Le feu intérieur qui brûle le vertuiste ne lui permet pas de s'exprimer dans un langage correct, dans le respect des règles linguistiques et des convenances sociales. L’homme indigné laisse tout cela au commun des mortels. Ces posts – le vertuiste s'exprime surtout via des réseaux sociaux (Twitter de préférence) – sont souvent écrits en lettres capitales et ponctués de points d'exclamation et de smileys éloquents. Rituellement, il clôt son manifeste par un "À gerber !", "Les ennemis de la démocratie, quittez mon mur !" ou un autre coup de gueule censé lui donner de l’importance et faire trembler les "complotistes", les "fascistes", "les-agents-du", et autres ennemis du peuple qu’on désigne aujourd’hui sous le nom des « ennemis de la démocratie ». Ainsi, la forme du post permet-elle souvent de reconnaître un vertuiste professionnel et de fuir, s'il est encore temps.
Malheureusement, quitter la page d’un homme/femme indigné(e) ne vous garantit nullement être à l'abri de ses coups de gueule et de son activisme forcené. À l'étroit sur sa page ou les pages de ses amis, il sévit là où bon lui semble. Tel un missionnaire, il a soif du grand large et sème à tout vent... Il s’autorise à se mêler de chaque conversation et de prêcher sa bonne parole là où il veut, sans s’embarrasser d’usages de politesse. Un inconnu pontifiant, condescendant, voire carrément insultant qui vient vous apostropher sur votre page, c’est souvent lui, le vertuiste professionnel.
Le plus souvent, l’homme indigné pense « contre ». Il se nourrit plutôt de haine que d’amour (sauf s’il s’agit d’amour pour lui-même qui, lui, n’est pas à prouver).
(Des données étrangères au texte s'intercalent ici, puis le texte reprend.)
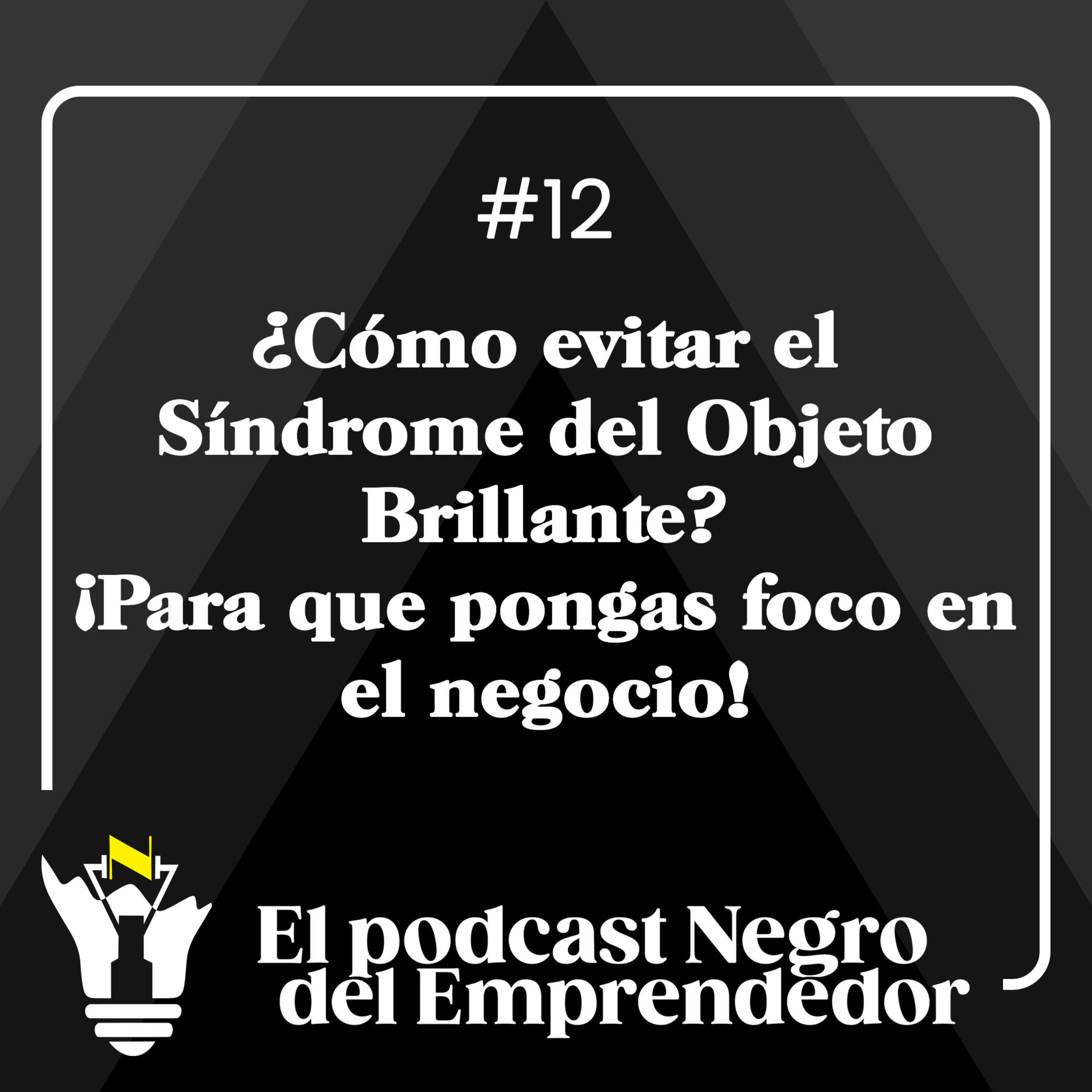 El Podcast Negro del Emprendedor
Le même Saint-Exupéry cité plus haut a écrit au même Breton : "Vous ne pouvez vous habiller qu’en écrivant « contre » quelque chose. « Pour » qui, ou « pour » quoi êtes-vous ? Vous « êtes » pour André Breton résolument et exclusivement. »
Mais alors, objectera-t-on, cet infatigable pourfendeur de tous les totalitarismes, discriminations et fascismes, n'est-il pas un défenseur ardent de la démocratie? La démocratie, ce nom du Bien, ce nouvel absolu de la croyance publique, ce mantra qu'on invoque d'autant plus souvent que l'on vit dans des démocraties curieuses, sans démos, ni de kratos... « Ils sont obsédés par la démocratie depuis qu'il n'y en a plus », disait de Gaulle à Malraux, peu avant sa mort. La fanfare démocratiste, de plus en plus forte et de plus en plus fausse, n'est qu'un cache-misère de "l'éclipse du projet de l'autonomie" (Castoriadis) et de l'incapacité de gouverner et d’être gouverné dont souffrent les sociétés "démocratistes".
Celles mêmes où le vertuiste professionnel a remplacé le savant, l'intellectuel, le philosophe et où il a toute latitude pour infliger sa pensée binaire et son intransigeance sectaire aux concitoyens et à des hommes politiques devenus insignifiants et impuissants.